I agree with the sticking thermostat idea mostly but no one has mentioned that the engine block itself does lose heat as it is a large chunk of metal with cold air flowing over it. The outside temp at which the t-stat is fully closed but due to heater core and direct heat loss the engine starts to cool down below normal operating temp varies and is usually well below 0° F but it is still a very remote possibility.

Reply to
Daniel Who Wants to Know

Hachiroku,

Make sure you're not confusing the thermostat with the temperature guage. The guage on your dashboard may accurately tell you the temperature of you engine coolant, but it will not tell you if the thermostat is opening/closing correctly.

I used to drive a Subaru Loyale in Fairbanks, Alaska and regularly experienced temperatures downwards of -40 degrees. Before leaving my cabin in the morning, I'd let it idle for five or ten minutes and it would warm up just fine.

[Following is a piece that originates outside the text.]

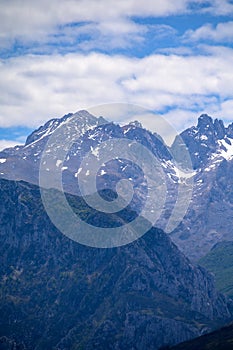 View on Naranjo de Bulnes or Picu Urriellu, limestone peak dating from Paleozoic Era, located in Macizo Central region of Picos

The volume of air moved by the fan is pretty small compared to the volume of air shoved through the radiator when the car is in motion. (Granted, your engine is also making more heat under load, but it's still making plenty at idle). You're engine temperature *shouldn't* drop when idling, which is why so many posters are urging you to check out your thermostat, the most likely culprit.

Regards, Dave Riesz

Reply to
drieszguesswhattozap

The Crown hasn't been sold in the U.S. for quite a while, and it had a M series engine back then. Obviously, your aunt isn't in the U.S.!

Reply to
Ray O

Well, I think whatever is going to have to wait! Although I will try the thermostat. I didn't *think* of being stuck *OPEN* !!!! :0

I took it to have the timing belts replaced. Timing belts are almost new...

Head gaskets are leaking...

Looks like Steel Seal for this one!!!